▶

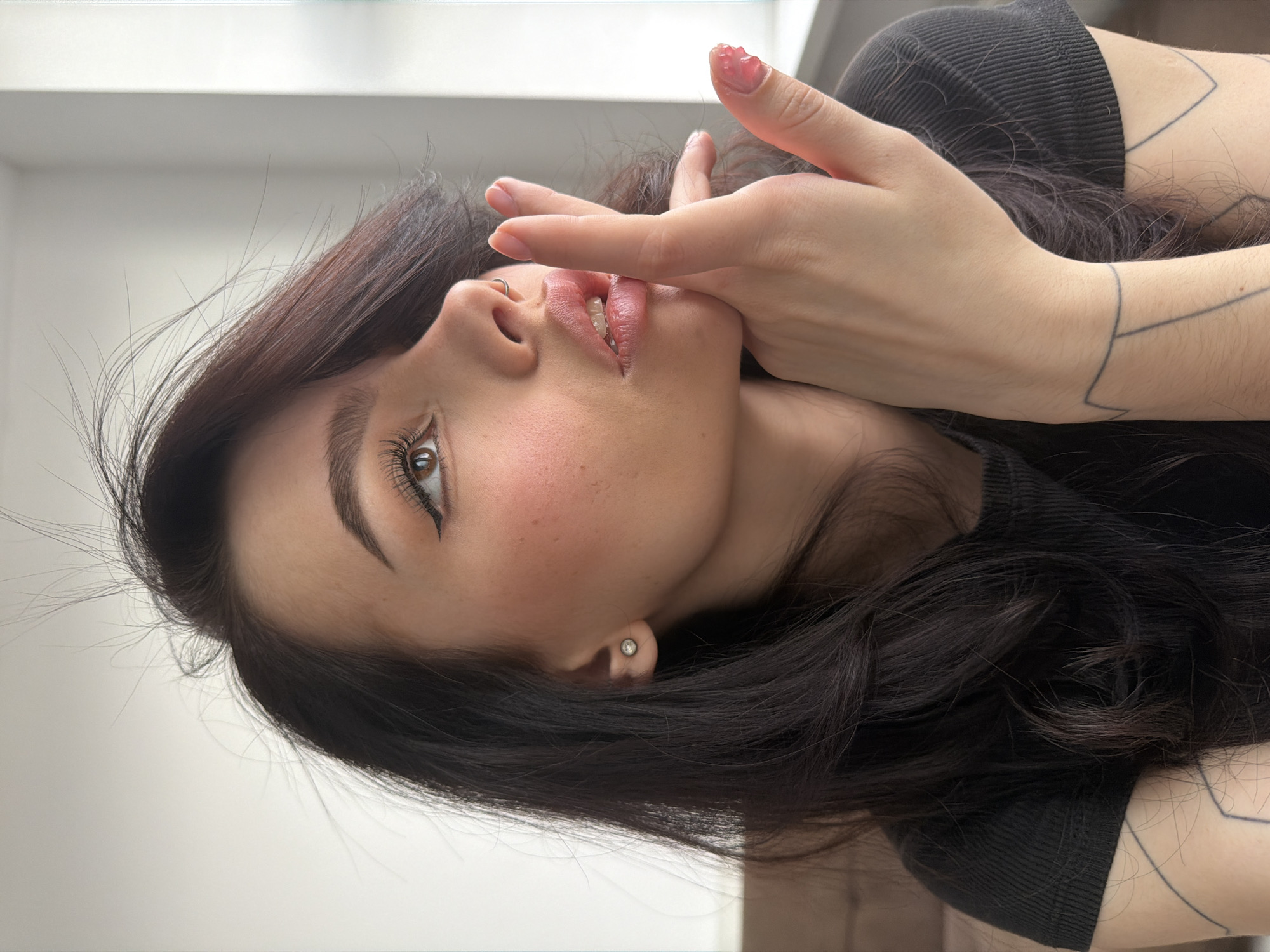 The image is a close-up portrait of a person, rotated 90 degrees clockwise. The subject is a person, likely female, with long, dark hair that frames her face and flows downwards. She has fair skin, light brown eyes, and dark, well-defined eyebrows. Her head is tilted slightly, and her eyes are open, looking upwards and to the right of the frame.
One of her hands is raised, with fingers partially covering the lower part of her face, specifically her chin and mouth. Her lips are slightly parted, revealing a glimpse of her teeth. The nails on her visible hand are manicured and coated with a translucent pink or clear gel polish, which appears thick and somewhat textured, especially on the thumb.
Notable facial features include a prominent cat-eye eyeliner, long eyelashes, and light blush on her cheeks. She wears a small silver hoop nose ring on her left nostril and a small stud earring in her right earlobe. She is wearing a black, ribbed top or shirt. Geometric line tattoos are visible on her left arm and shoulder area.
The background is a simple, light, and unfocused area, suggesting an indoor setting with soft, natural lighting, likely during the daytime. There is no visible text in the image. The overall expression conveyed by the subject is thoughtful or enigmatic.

◀
▶

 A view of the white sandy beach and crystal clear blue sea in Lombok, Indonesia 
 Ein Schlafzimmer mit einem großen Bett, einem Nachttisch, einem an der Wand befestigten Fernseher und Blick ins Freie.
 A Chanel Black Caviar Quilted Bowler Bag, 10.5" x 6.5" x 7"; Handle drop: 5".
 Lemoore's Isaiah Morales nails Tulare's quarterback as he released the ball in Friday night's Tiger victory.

◀
▶

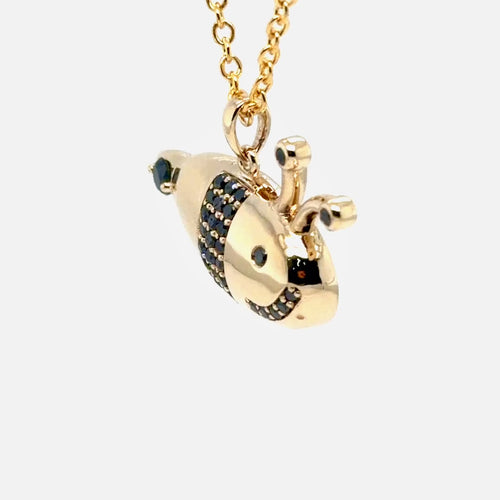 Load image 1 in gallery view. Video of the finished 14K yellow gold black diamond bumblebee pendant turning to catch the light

◀

[Your instructions]: Scan the material above for "visible". Copy every line where it appears.

[Expected answer]:
One of her hands is raised, with fingers partially covering the lower part of her face, specifically her chin and mouth. Her lips are slightly parted, revealing a glimpse of her teeth. The nails on her visible hand are manicured and coated with a translucent pink or clear gel polish, which appears thick and somewhat textured, especially on the thumb.
Notable facial features include a prominent cat-eye eyeliner, long eyelashes, and light blush on her cheeks. She wears a small silver hoop nose ring on her left nostril and a small stud earring in her right earlobe. She is wearing a black, ribbed top or shirt. Geometric line tattoos are visible on her left arm and shoulder area.
The background is a simple, light, and unfocused area, suggesting an indoor setting with soft, natural lighting, likely during the daytime. There is no visible text in the image. The overall expression conveyed by the subject is thoughtful or enigmatic.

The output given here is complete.